Это продолжалось довольно долго, лет до десяти, когда он нырнул в «Трех мушкетеров», да там и остался. И принялся выстругивать тонкие шпаги взамен прежних грубых мечей времен Робина Гуда и Гая Гисборна. На этот раз в мозг впечаталось множество деталей:

на каком мосту стоял и чем занимался Планше, когда его увидел Портос и отрекомендовал д’Артаньяну;

какое блюдо подавали Арамису и от чего тот в гневе отказался, получив письмо герцогини де Шеврез (недавно уже немолодому Виталию Иосифовичу довелось впервые отведать яичницу со шпинатом — совсем неплохо, но жирный каплун и жаркое из баранины с чесноком, видимо, все же лучше);

сколько лет было желто-рыжему мерину д’Артаньяна, на котором тот въехал в город Менг, а заодно и в жизнь и мечты Виталика Затуловского…

Ну и так далее. Какое-то время Виталику не давало покоя имя главного героя. В самом деле, неужто матушка звала заигравшегося мальчугана к обеду: «Д’Артаньянчик, а ну к столу похлебка стынет»? Но как ни шерстил Виталик книгу иных имен не обнаружил. Потом, конечно, раскопав кое-что о Шарле Ожье де Бац де Кастельморе, графе д’Артаньяне, успокоился. Что до герцога Букингемского, то впереди, во взрослой жизни, Виталика ждало обескураживающее известие, что Джордж Вильерс, выходец из захудалой, а то и вовсе нищей семьи провинциального дворянчика, своим богатством, титулам и власти обязан сластолюбивому королю Якову. Тот увидел красивого юношу на любительской сцене Кембриджского университета в женской роли — и тут же променял на Джорджа своего предыдущего любовника. А вскоре на милого Стини (так называл Яков свежего возлюбленного, уменьшительная форма от Стефана, святого, лицо которого, согласно Библии, «сияло, словно лик ангела») пролились благодеяния и неисчислимые милости, в том числе и титул герцога Букингемского. Герцог не остался неблагодарным. В одном из сохранившихся писем он писал: «Мне никогда не позабыть сладостных часов, когда ничто не разделяло на ложе господина и ничтожнейшего и преданнейшего его пса». Оплакав скончавшегося короля Якова, Букингем столь же преданно душой и телом, преимущественно последним, служил его сыну и наследнику Карлу Первому. И все это не мешало Джорджу при обоих королях-любовниках испытывать неистовую страсть к Анне Австрийской, о чем и сообщил нам всем Дюма на страницах бессмертного романа.
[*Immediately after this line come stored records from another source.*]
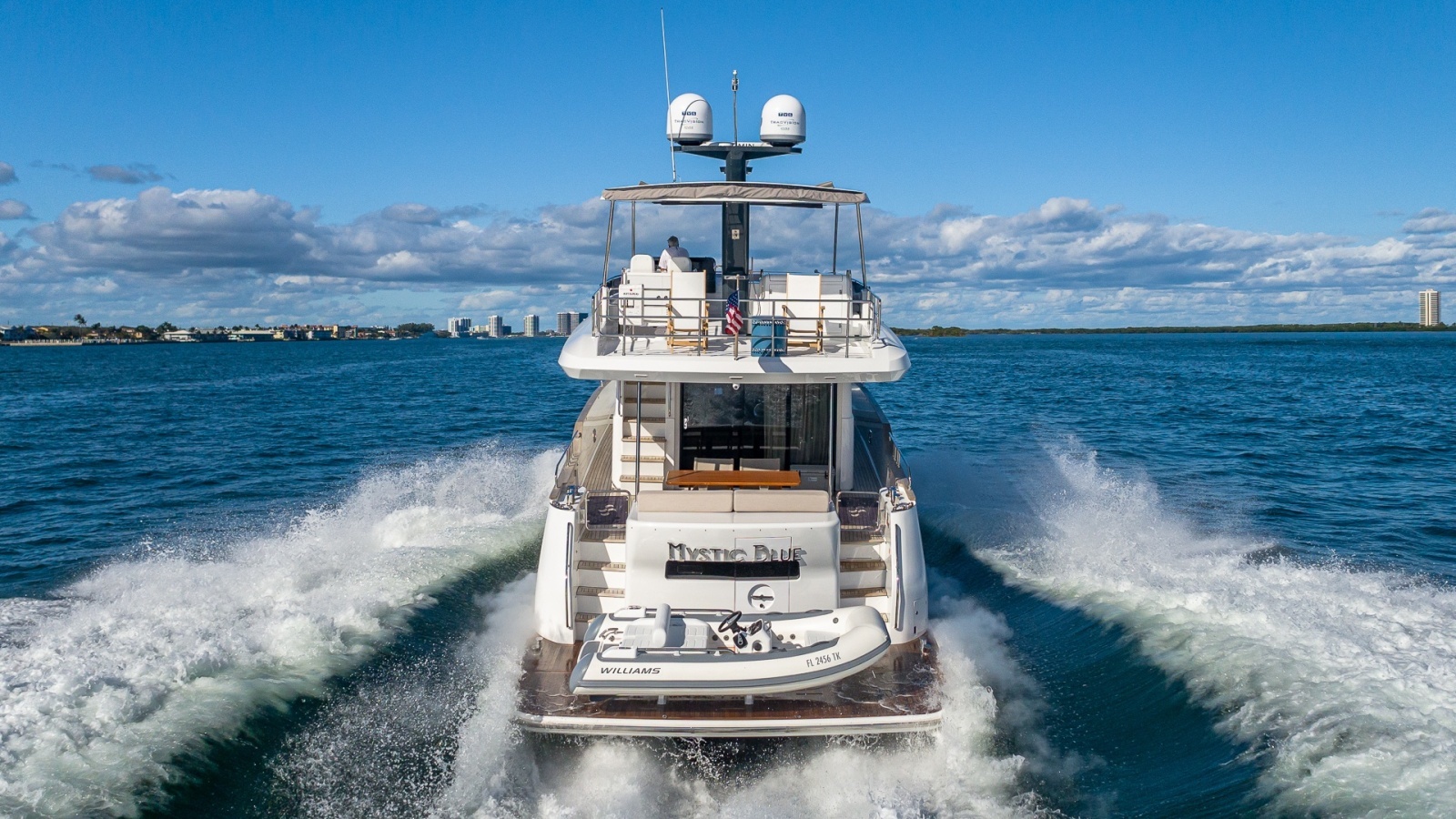 2023 Sirena Flybridge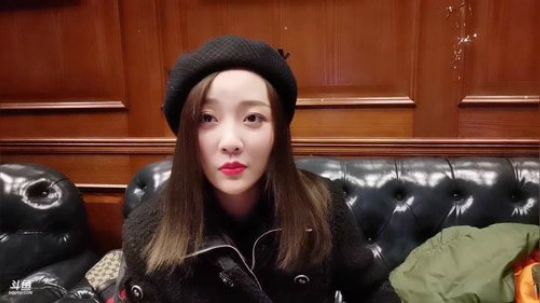 悉悉好美我爱了发布了一个斗鱼视频2019-11-28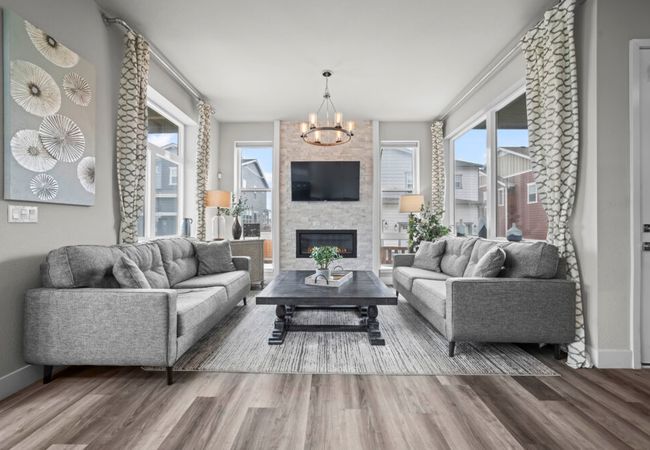 Rooftop sunset escape  | bbq & billiards |sleeps 8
Это было счастье, чистое счастье… Да еще с продолжениями. В одном из томов «Десяти лет спустя», пахучей обтрепанной книге, не хватало одного листа. Виталик мучительно переживал это прискорбное зияние. Речь шла о грабительском требовании короля — Людовик Четырнадцатый хотел разорить благородного Фуке и пожелал… «Мне нужно…» — сказал он, а дальше — пропуск. Ах, как хотелось узнать, что же ему нужно. Только через много лет Виталик наконец выяснил, что Людовик, по наущению подлого Кольбера, потребовал четыре миллиона ливров. А тогда, в те годы, прочитав в очередной раз «вы молоды, и ваши горестные воспоминания еще успеют смениться отрадными», он откладывал издававший пленительный запах том и позволял на день-другой увлечь себя какой-нибудь книжице из серии «в рамочке», но и от Жюля Верна, и от Майна Рида застревала в мозгу всякая ерунда. Классификация гарпунщика Неда, делившего всех рыб на съедобных и несъедобных, остров Тристан-да-Кунья, переделанный им тут же в Дристан Какунья, и почему-то название главы «Топ опять лает». Паганель-Черкасов, невозмутимый майор Мак-Наббс: «Оно произносится Айртон, а пишется Бен Джойс». Под Дунаевского… Та-ра, та-ра-ра… М-да.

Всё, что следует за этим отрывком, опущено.